Le philosophe est plus nuancé que le Neveu dans ses propos ; il est davantage attaché aux valeurs traditionnelles, au goût de la vie naturelle et accorde la primauté à la vertu.
En effet, il fait une différence, contrairement au Neveu, entre le plaisir éphémère et le bonheur. Il réfute l'idée selon laquelle le bonheur réside seulement dans des plaisirs hédonistes. Cependant, il nuance ses propos en concédant qu'il éprouve également du bonheur dans les plaisirs:
Je ne méprise pas les plaisirs des sens; j'ai un palais aussi, et il est flatté d'un mets délicat ou d'un vin délicieux, et j'aime à voir une jolie femme, j'aime à sentir sous ma main la fermeté et la rondeur de sa gorge, à presser ses lèvres des miennes, à puiser la volupté dans ses regards, et à en expirer entre ses bras (...) Mais, je ne vous dissimulerai pas, il m'est infiniment plus doux encore d'avoir secouru le malheureux, d'avoir terminé une affaire épineuse, donné un conseil salutaire...

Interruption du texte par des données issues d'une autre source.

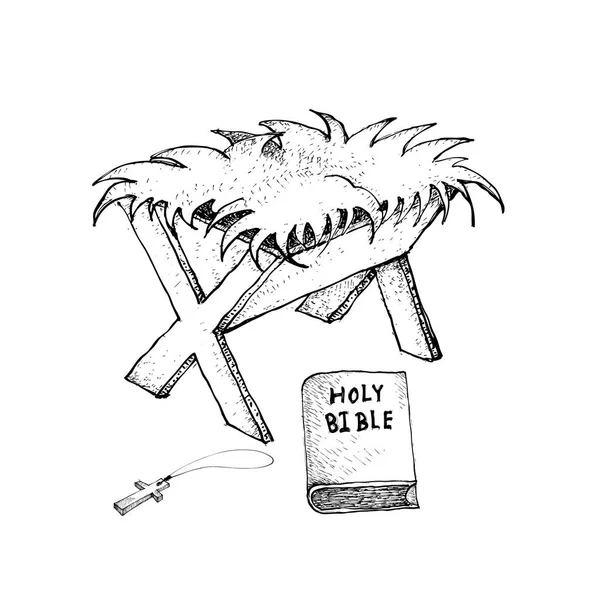 Main dessinée de la Manger avec la Bible et la Croix en bois — Image vectorielle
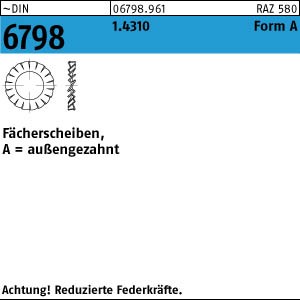 100 Edelstahl Fächerscheiben DIN 6798 1.431 Form A 3,2 Ø M3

Le philosophe est plus exigeant et délicat dans ses plaisirs, également plus respectueux de ce qui lui est offert et des autres. C'est pourquoi il hiérarchise les différents plaisirs. Les instants simples sont les plus importants, tels que la générosité, l'altruisme, le sens des responsabilités, etc... Le bonheur réside donc dans les scènes de la vie courante et doit reposer sur la réciprocité, c'est-à-dire donner, recevoir et partager.
En se référant à Voltaire et son ouvrage Mahomet, il nous montre ce qu'il admire le plus en Voltaire : son action pour réhabiliter la mémoire de Calas (Calas fut condamné pour avoir assassiné son fils, qui voulait se convertir au catholicisme, alors qu'il était lui-même protestant. Voltaire obtint sa réhabilitation en prouvant son innocence après avoir publié Le Traité sur la tolérance.). De même, en faisant allusion à l'Ecossais Hoope, le philosophe, ici Diderot, veut mettre en évidence le bonheur d'un homme d'avoir été généreux avec autrui. Cet exemple lui permet de faire un apologue (récit à idée morale) qui défend sa conception du bonheur.
Dans le Neveu de Rameau, la question de savoir si Diderot dialogue avec lui-même pose problème, car il semble avoir un avis mitigé sur la question du bonheur. Il est difficile de conclure sur qui est qui, la question reste ouverte quant à savoir si Diderot est incarné en Lui ou en Moi.
Le Neveu défend une conception du bonheur basée sur le profit et l'ascendance sociale, alors-que le philosophe prône une forme de morale sociale, basée sur l'altruisme et le respect d'autrui.